Below is a listing; restate from it, character for character, the lines beginning at the line holding "Airway Manegement" and ending at the line holding "PreEclampsia 10 FACTS", both included.

───── Data excerpts ─────

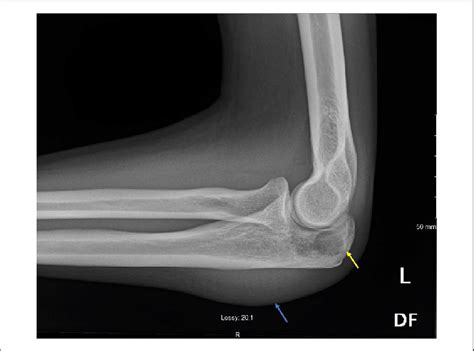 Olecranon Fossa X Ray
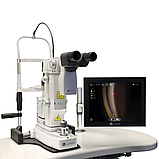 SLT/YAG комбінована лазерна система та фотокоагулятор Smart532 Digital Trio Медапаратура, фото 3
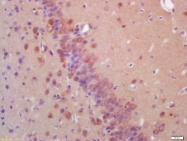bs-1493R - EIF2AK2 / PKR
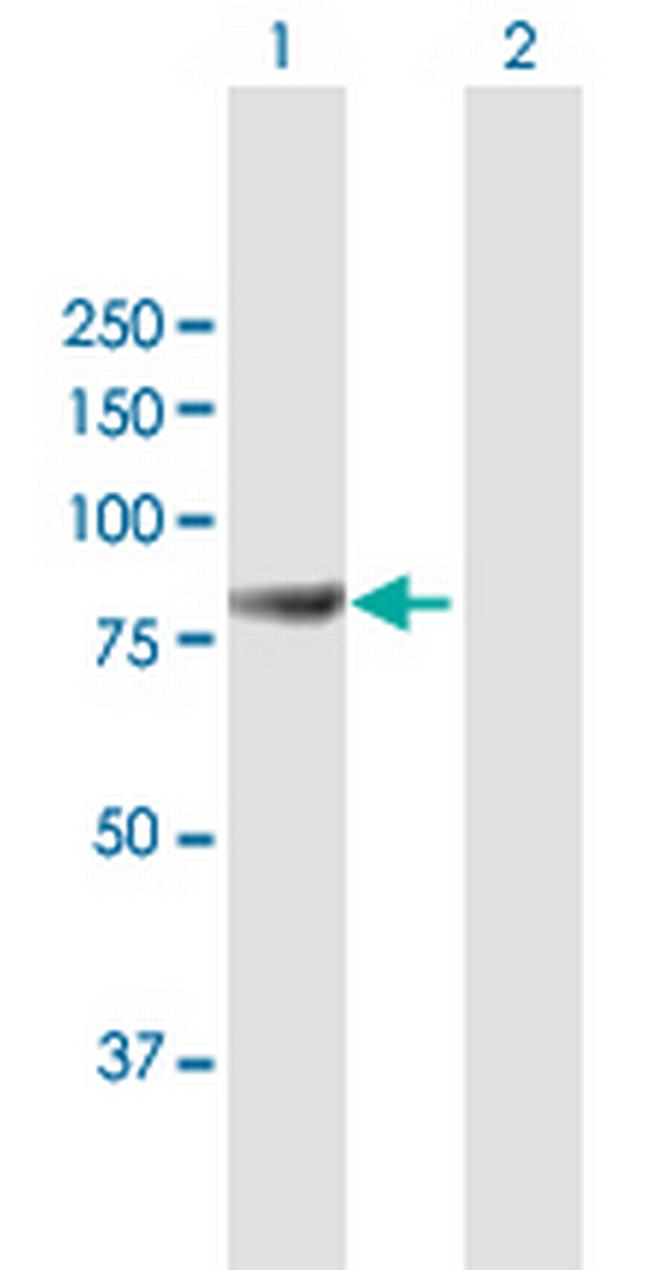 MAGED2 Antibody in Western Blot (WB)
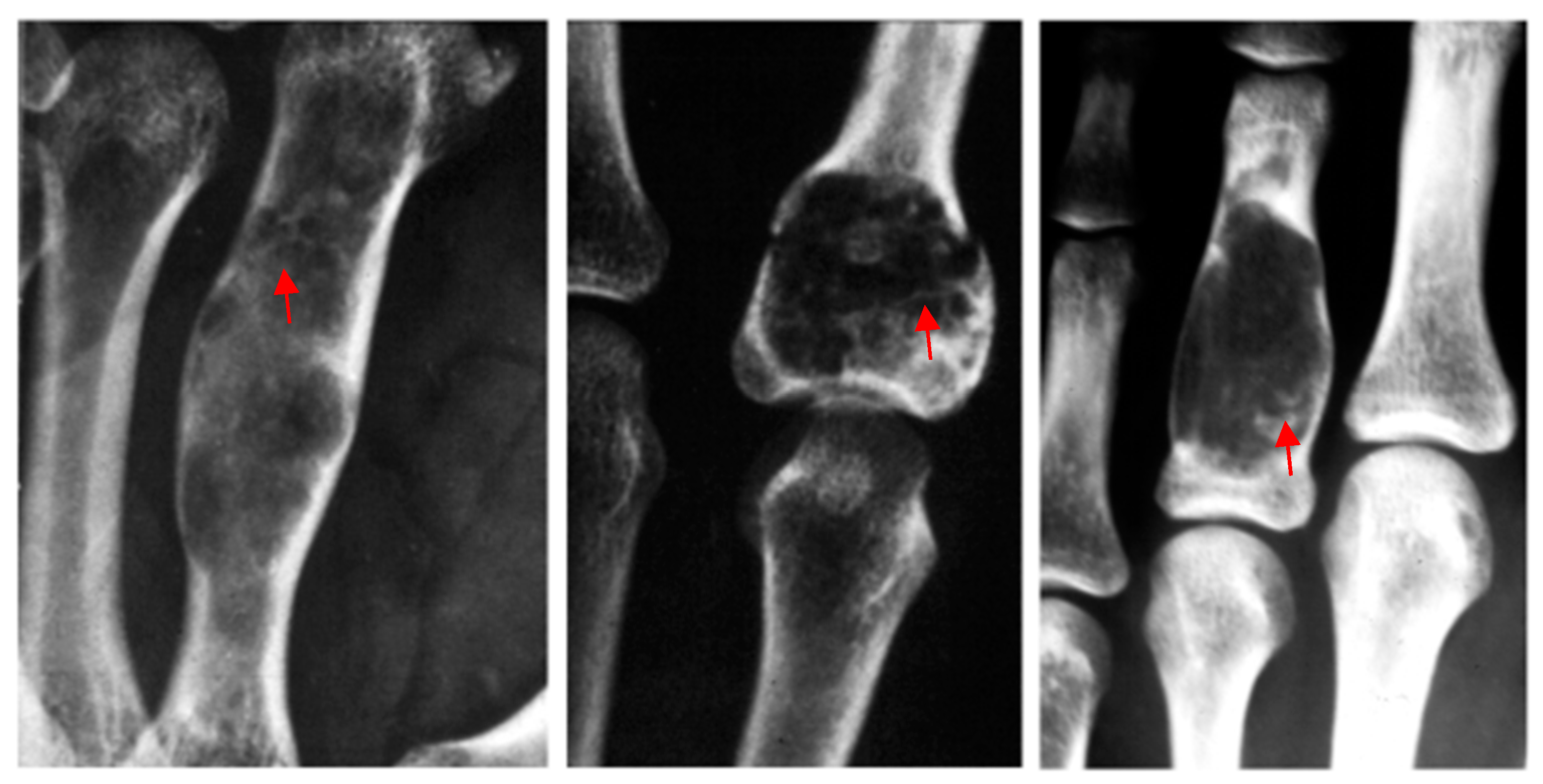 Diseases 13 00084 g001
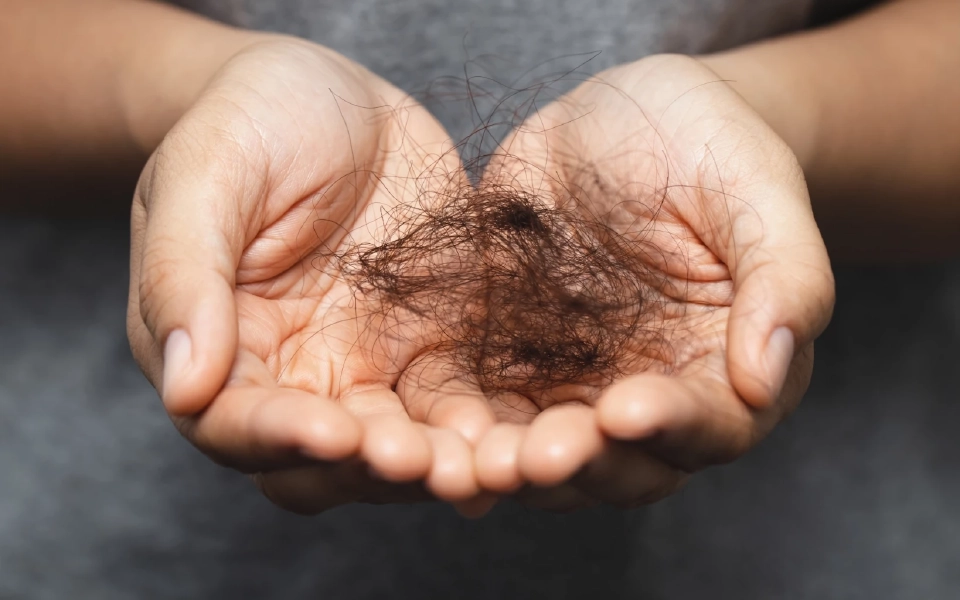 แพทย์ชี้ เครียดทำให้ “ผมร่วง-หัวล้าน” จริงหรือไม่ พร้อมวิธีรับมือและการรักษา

─────
───── Data excerpts ─────

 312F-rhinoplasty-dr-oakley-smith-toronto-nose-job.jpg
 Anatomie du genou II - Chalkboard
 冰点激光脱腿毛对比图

─────
───── Data excerpts ─────

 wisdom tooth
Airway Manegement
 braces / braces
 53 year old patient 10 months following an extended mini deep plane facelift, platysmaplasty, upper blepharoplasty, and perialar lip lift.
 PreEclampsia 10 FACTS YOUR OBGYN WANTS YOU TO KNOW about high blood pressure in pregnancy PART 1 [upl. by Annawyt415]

─────

# Solution to this task
Airway Manegement
 braces / braces
 53 year old patient 10 months following an extended mini deep plane facelift, platysmaplasty, upper blepharoplasty, and perialar lip lift.
 PreEclampsia 10 FACTS YOUR OBGYN WANTS YOU TO KNOW about high blood pressure in pregnancy PART 1 [upl. by Annawyt415]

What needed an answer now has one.